_Given records_
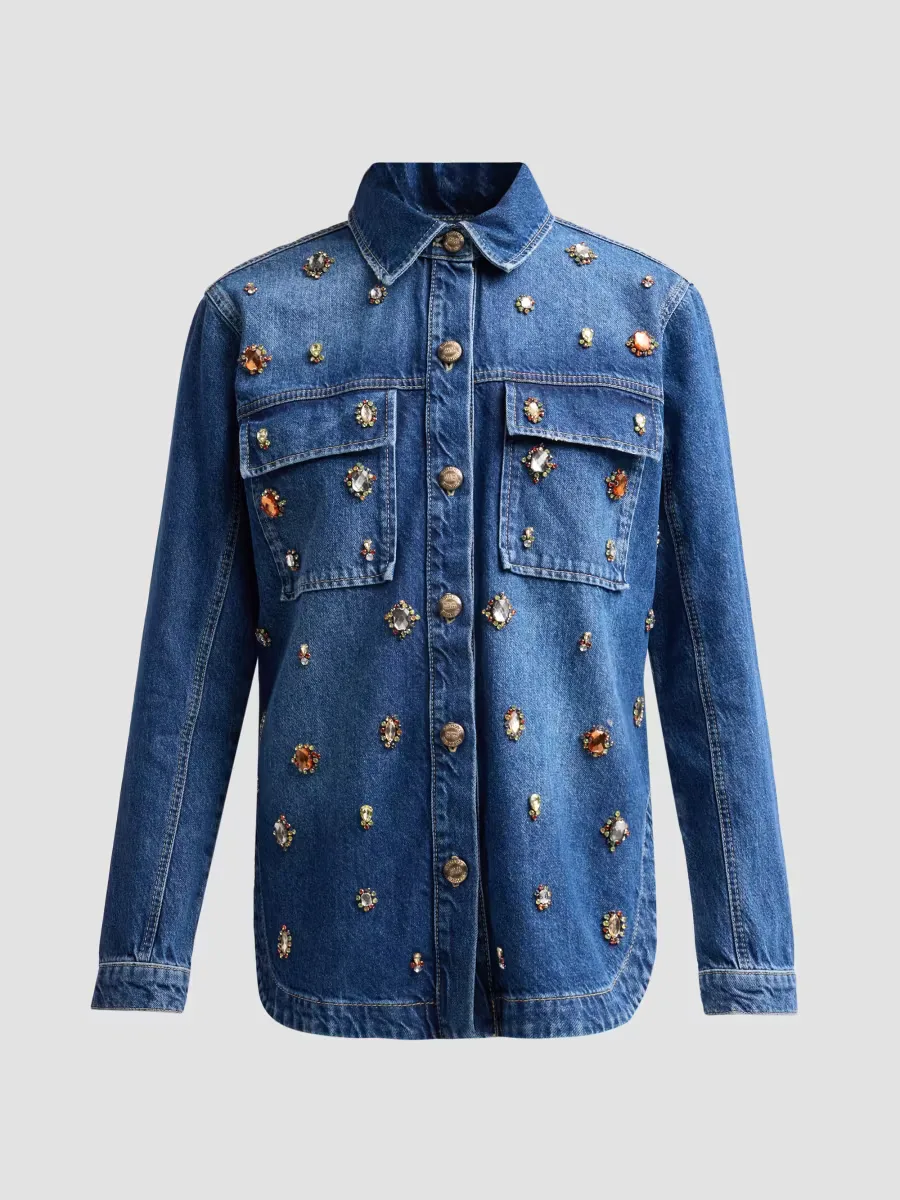 Embellished Denim Shirt by FARM Rio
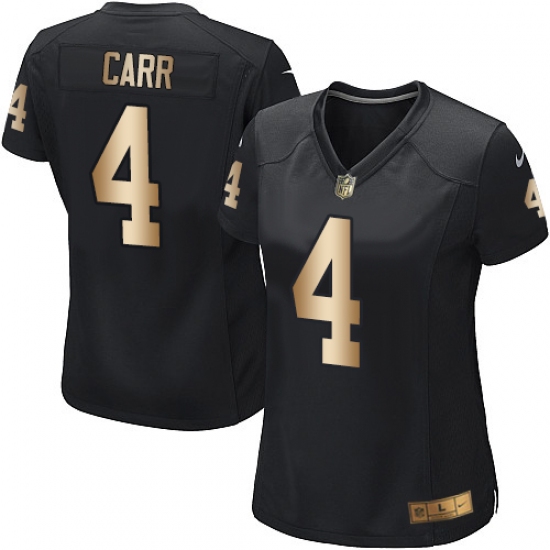 Women's Nike Oakland Raiders 4 Derek Carr Elite Black/Gold Team Color NFL Jersey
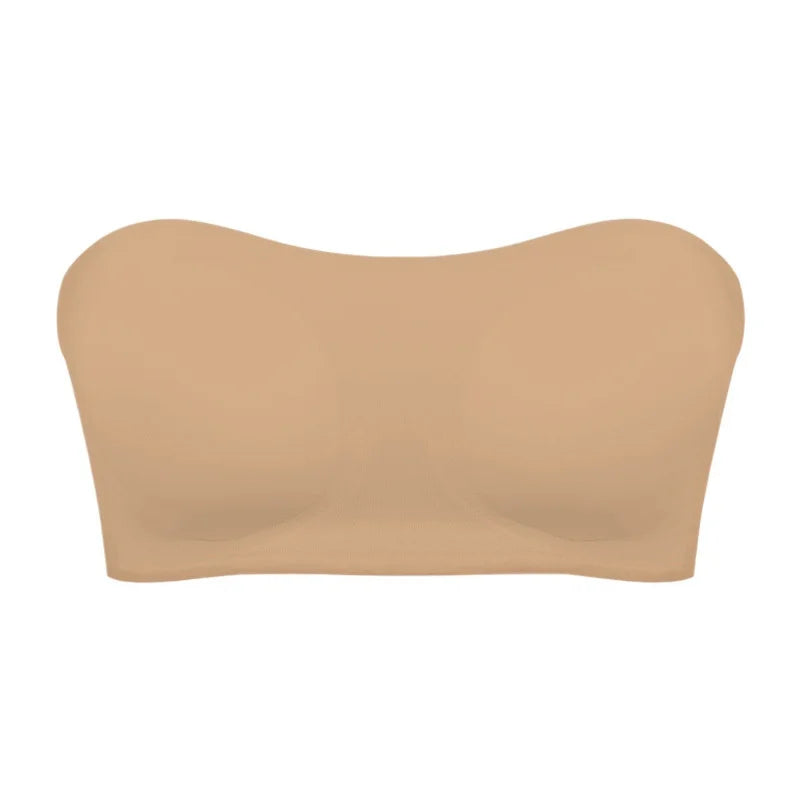 Sujetador push up sexy sin tirantes para mujer, con relleno extraíble y sin costuras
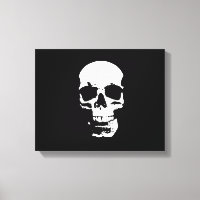 Black & White Skull Pop Art Wrapped Canvas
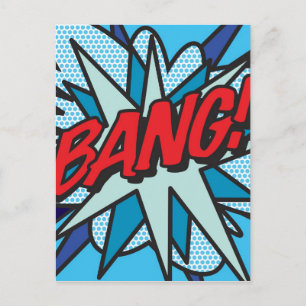Cartão Postal Arte Pop de Quadrinhos Divertidos e Retrô BANG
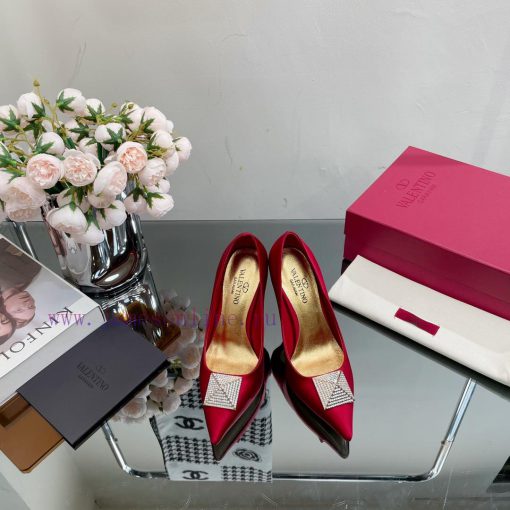 Valentino 2023 Spring/Summer New Silk High Heels Single Shoes————————————The upgraded and smaky7px03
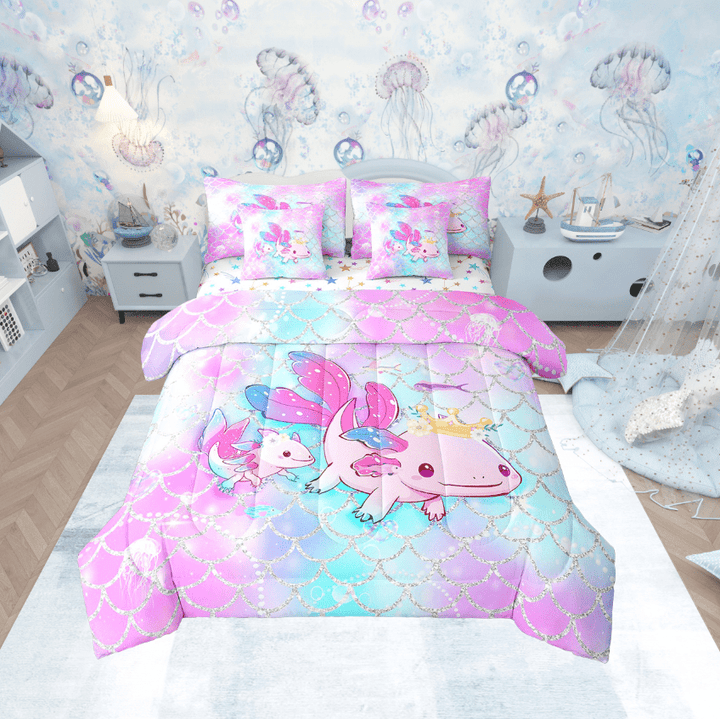 Erosebridal Axolotl Comforter Set Twin 7 Piece Sea Life Ocean Animal Bed in a Bag Coastal Beach Decor,Pink Teal Ombre Fish Scales Bedding Set with 2 Sheets,2 Pillowcases,2 Throw Pillow Covers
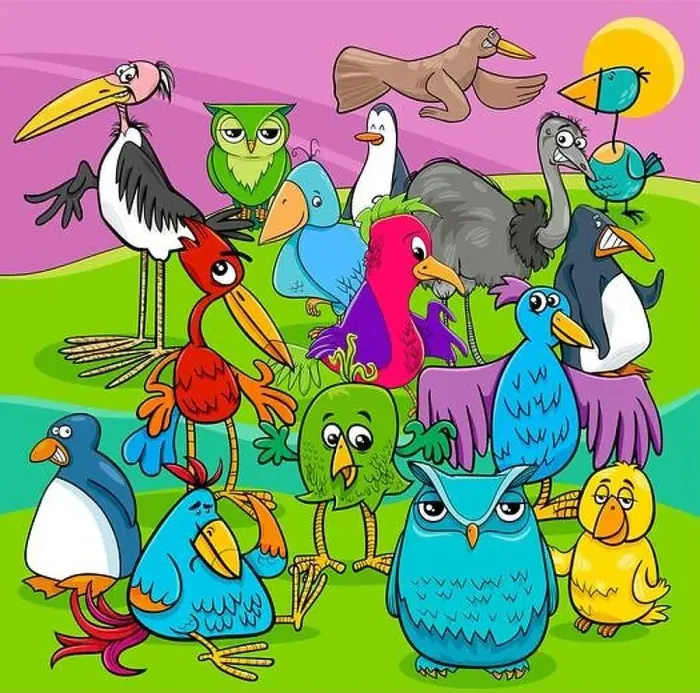 Framed Print : Cartoon Illustration of Birds Animal Characters Group Framed Print : Cartoon Illustration of Birds Animal Characters Group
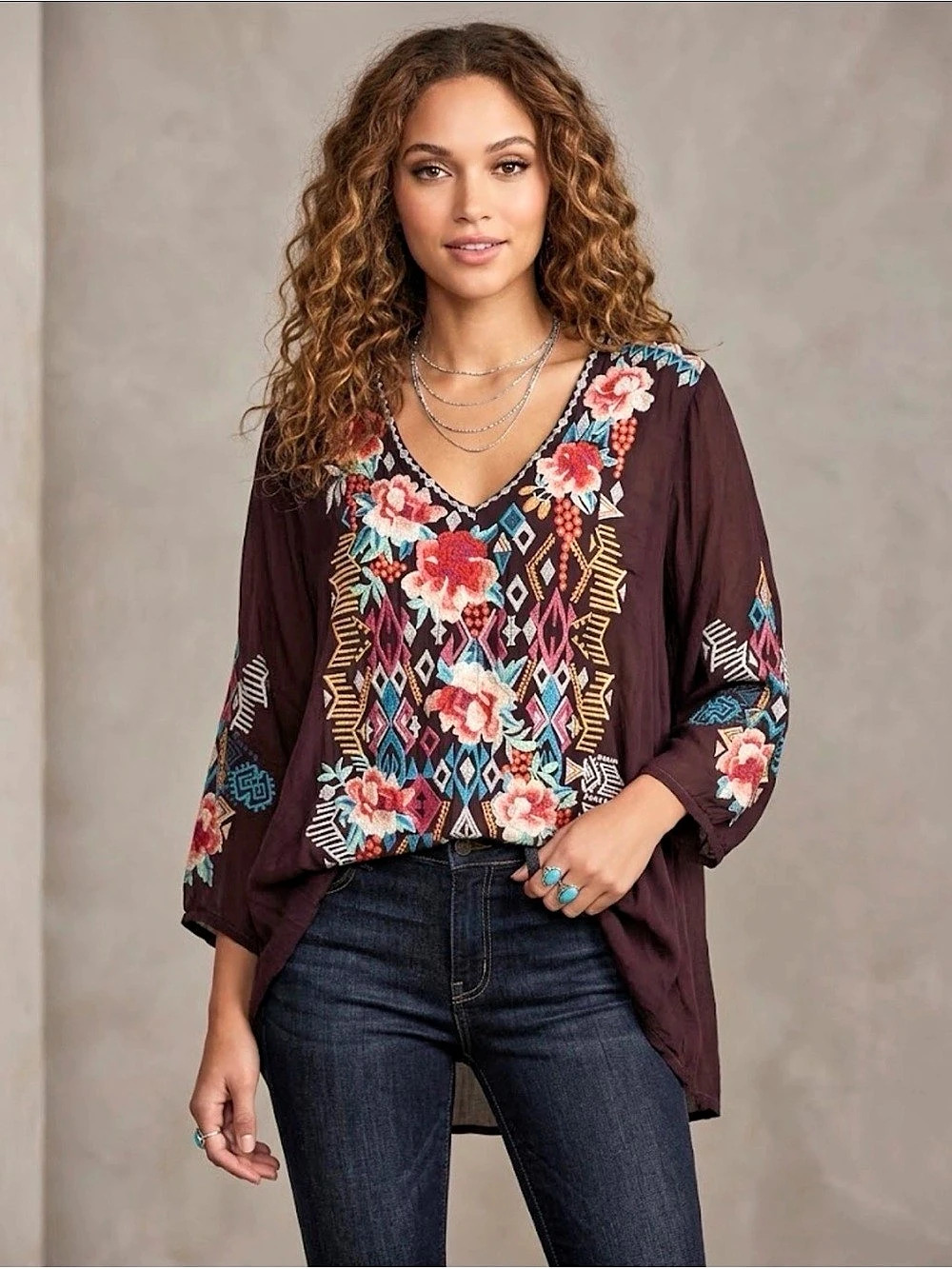 Johnny Was Emmaline Blouse Embroidered Geometric Top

_Aim of the exercise_
Having located the line with "Women's Nike Oakland", copy it exactly along with every later line through the end of the listing above, but omit the pictures.

_Result of this exercise_
 Women's Nike Oakland Raiders 4 Derek Carr Elite Black/Gold Team Color NFL Jersey
 Sujetador push up sexy sin tirantes para mujer, con relleno extraíble y sin costuras
 Black & White Skull Pop Art Wrapped Canvas
Cartão Postal Arte Pop de Quadrinhos Divertidos e Retrô BANG
 Valentino 2023 Spring/Summer New Silk High Heels Single Shoes————————————The upgraded and smaky7px03
 Erosebridal Axolotl Comforter Set Twin 7 Piece Sea Life Ocean Animal Bed in a Bag Coastal Beach Decor,Pink Teal Ombre Fish Scales Bedding Set with 2 Sheets,2 Pillowcases,2 Throw Pillow Covers
 Framed Print : Cartoon Illustration of Birds Animal Characters Group Framed Print : Cartoon Illustration of Birds Animal Characters Group
 Johnny Was Emmaline Blouse Embroidered Geometric Top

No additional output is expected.